Assignment >> Every line below needs to be printed again exactly, without any of its pictures.

(Data block begins)

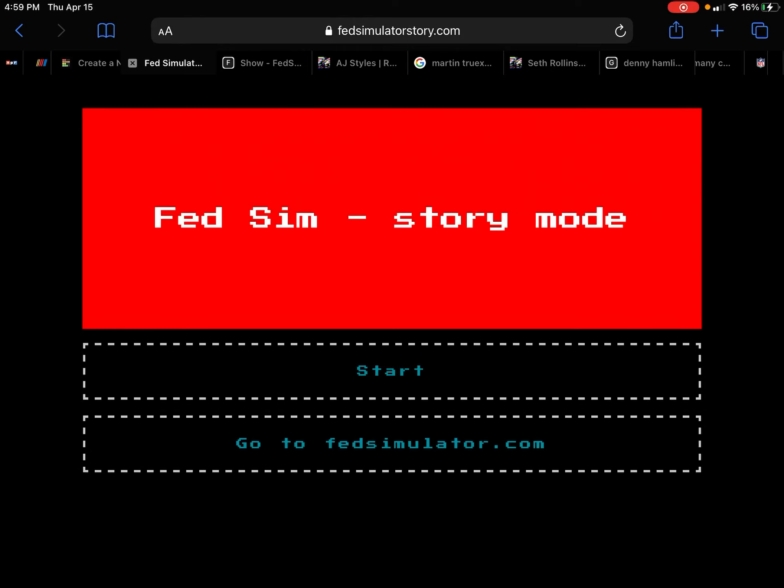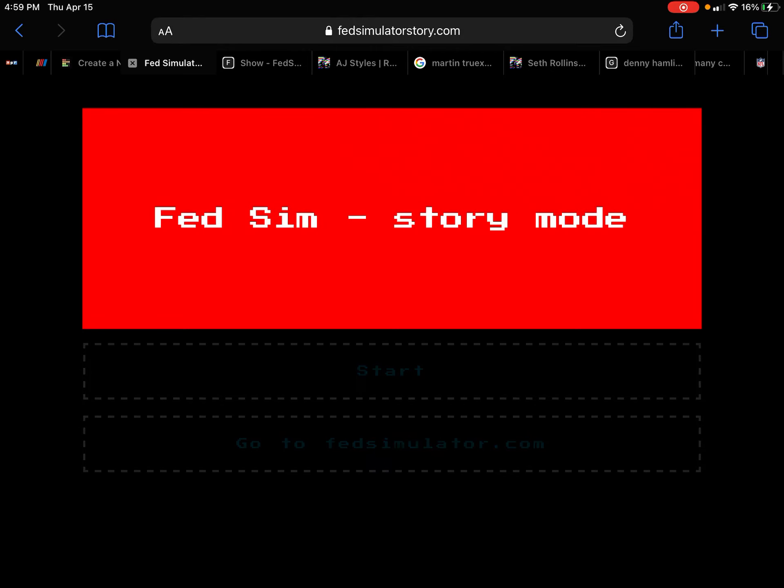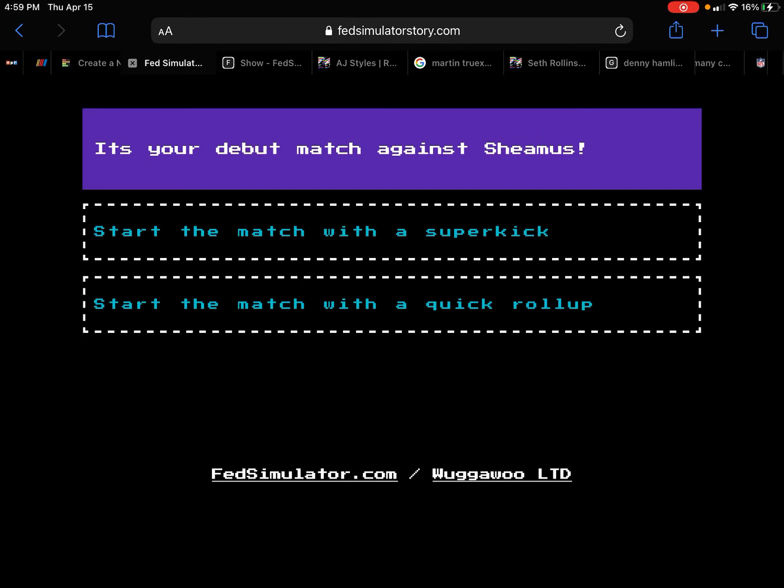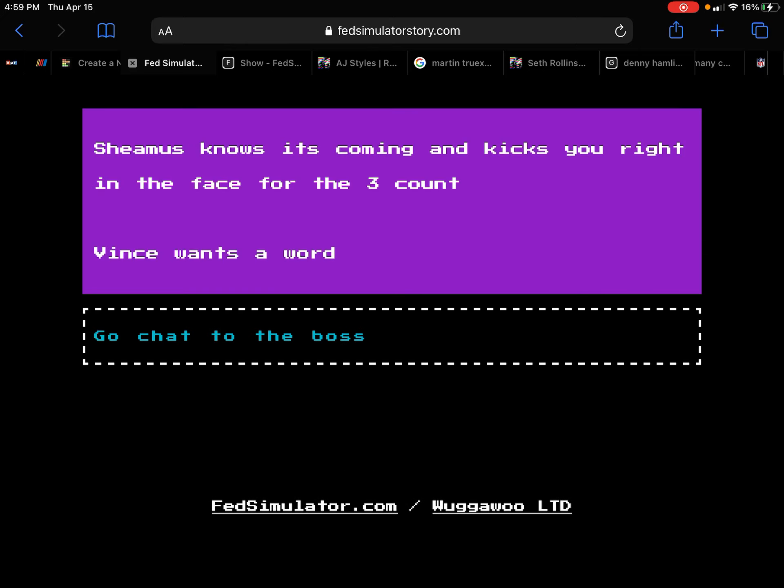Hey guys, here today we're playing Fed Simulator story mode. You're in your debut. Quick, Sheamus knows it's coming in.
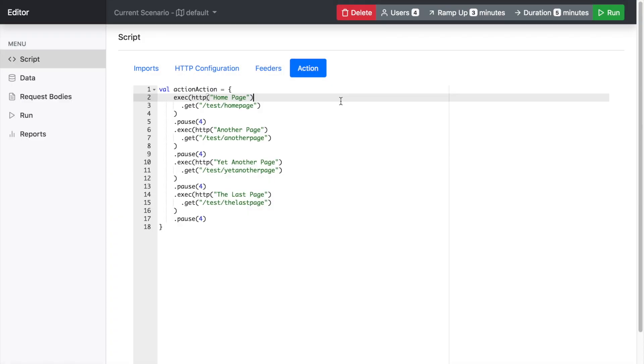Hi, in today's video I'll be going through an editor for Gatling Scripts that I've been working on.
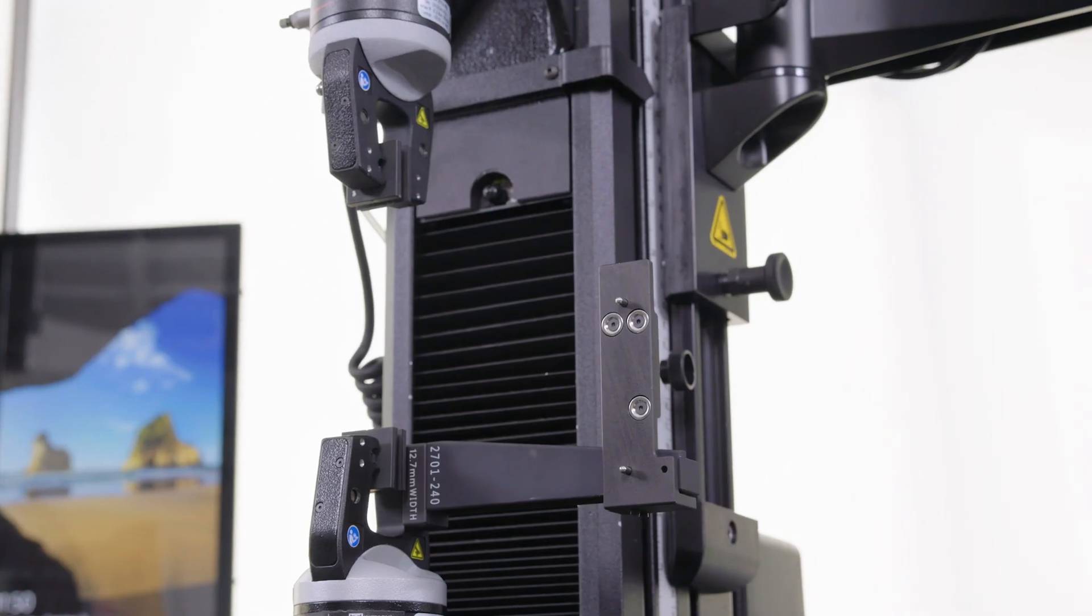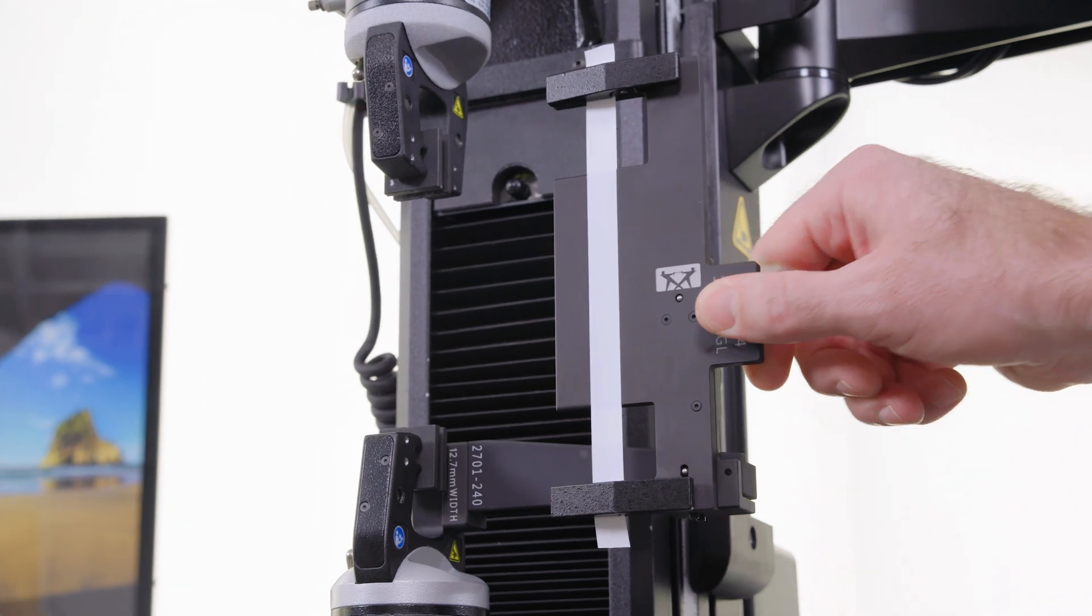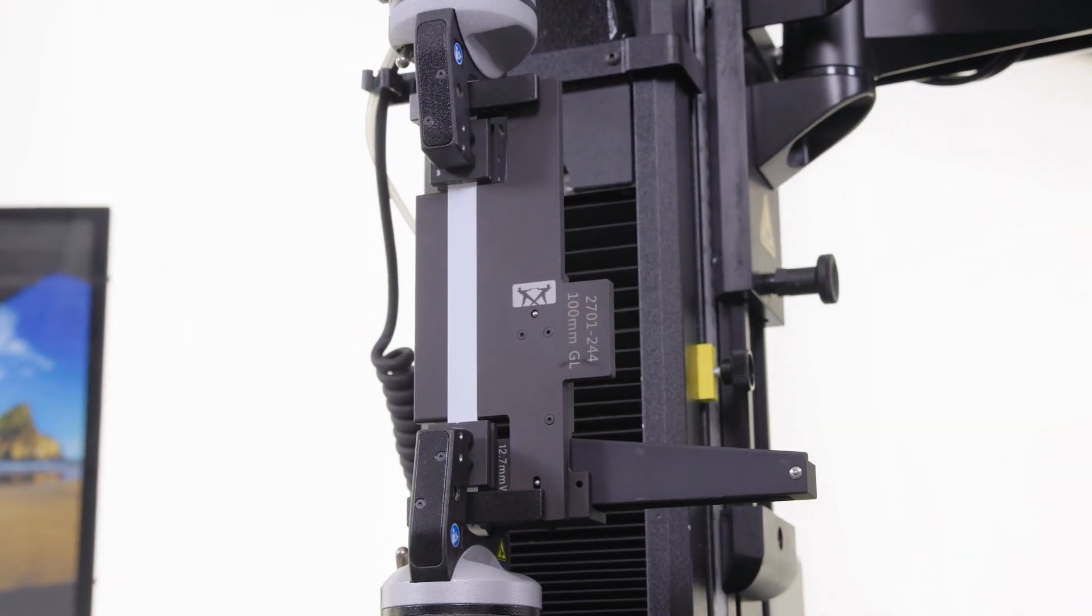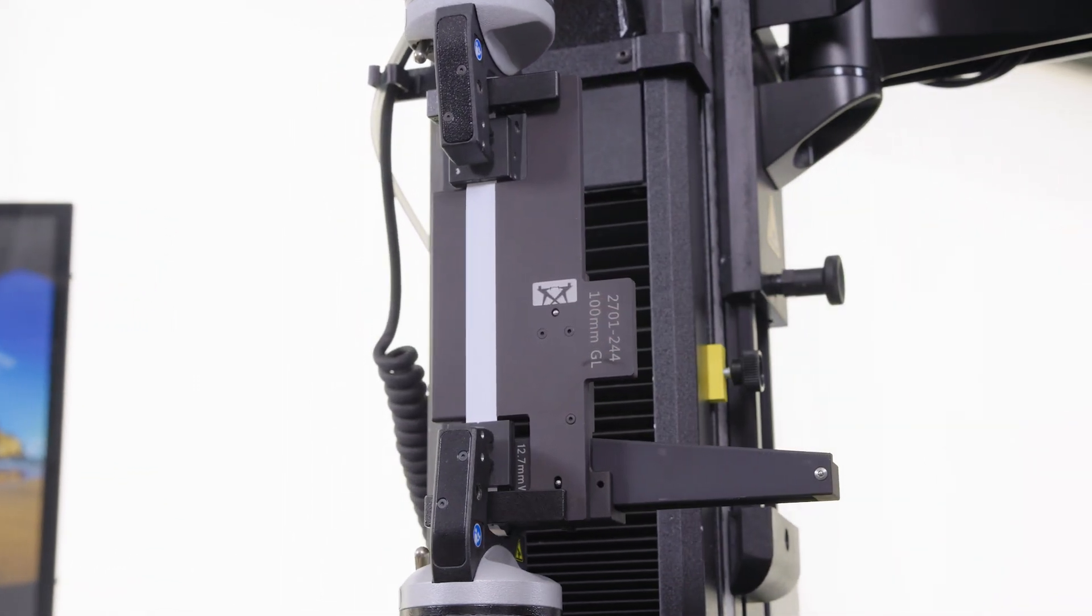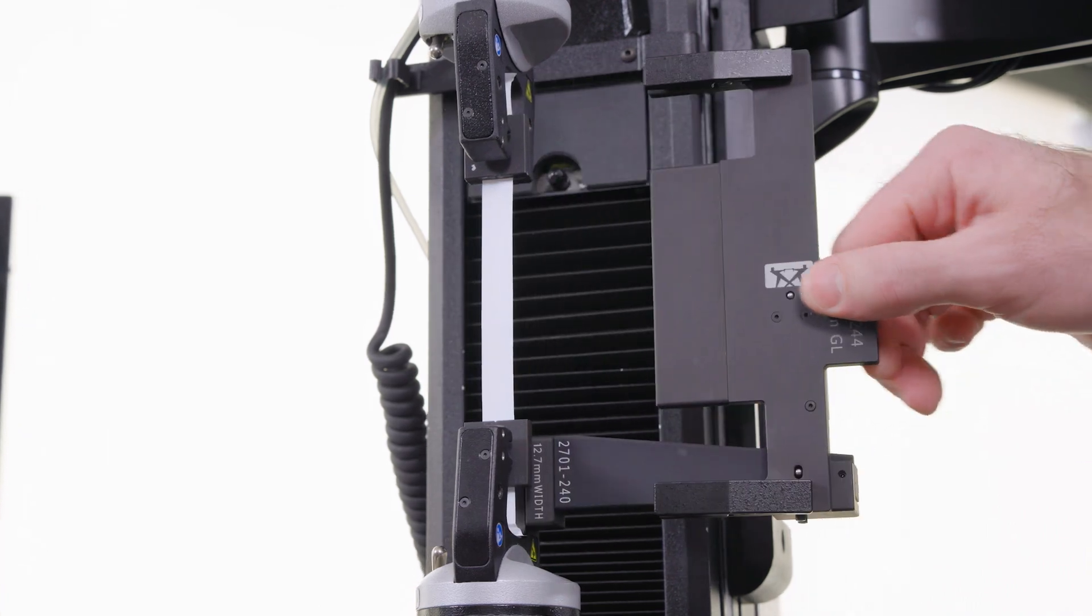So we put our engineers to work on developing this precision specimen loader for pneumatic grips, which makes it easier to load and properly align these types of delicate specimens.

(Data block ends)

Solution for this task >>
Hey guys, here today we're playing Fed Simulator story mode. You're in your debut. Quick, Sheamus knows it's coming in.
Hi, in today's video I'll be going through an editor for Gatling Scripts that I've been working on.
So we put our engineers to work on developing this precision specimen loader for pneumatic grips, which makes it easier to load and properly align these types of delicate specimens.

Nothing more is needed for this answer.